And when that happens, it can feel disorienting.

Realizing your childhood wasn’t what you thought, whether it wasn’t as happy, or it was better than you gave it credit for, can trigger a whole range of emotions: grief, anger, guilt, even relief.

But here’s the good news: This is part of growing up. Even at 35.

In short, it’s not about having a perfect past. It’s about making peace with it.

When do memory shake-ups start to happen? Usually during what researchers call “identity-shifting moments.” Big life changes. Getting married. Becoming a parent. Losing a loved one. Moving back to your hometown. Turning 30. Turning 50. Sitting in the car after a long day and realizing… huh, maybe I wasn’t the “easy kid” after all.
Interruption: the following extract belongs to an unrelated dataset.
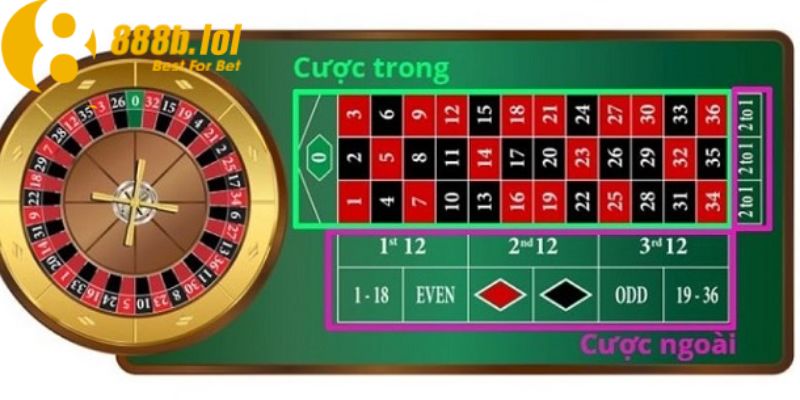 Tìm hiểu chung về game Roulette 888B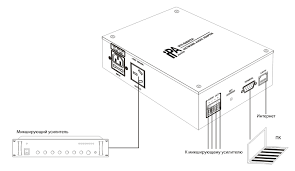 IPN-848WSA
One fascinating study published in the Journal of Personality and Social Psychology found that our memories tend to be filtered through who we are now, not who we were then. As our identities shift, so does our version of the story.
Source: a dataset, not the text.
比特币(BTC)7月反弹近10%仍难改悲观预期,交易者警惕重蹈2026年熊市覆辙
Which explains why, when my toddler throws a tantrum that rattles the windows, I suddenly remember my mom closing her bedroom door a lot. I used to think she just really liked her alone time. But maybe—just maybe—she was overwhelmed and didn’t know how to handle my own emotional outbursts.

Here’s the truth: Our memories might not be perfect, but they’re still powerful.

Looking back with clearer eyes doesn’t mean we have to villainize anyone. In fact, it might help us extend grace to ourselves, to our parents, and to the whole messy cast of characters who shaped our early years.

It also helps us do better. Be more intentional. Choose the kind of stories we want our kids to tell themselves when they’re grown.

So if you’re ever surprised by a memory you forgot, or one you’re starting to see differently, you’re not broken. You’re evolving. And that’s a beautiful, brave thing.

Don’t be afraid to tell a new story. One that holds both the good and the hard. One that lets your past be honest and your present be hopeful.

And if your toddler ever chucks a banana at your face, just know: You have the opportunity to give them something sweet to remember (even if it’s a little mushy).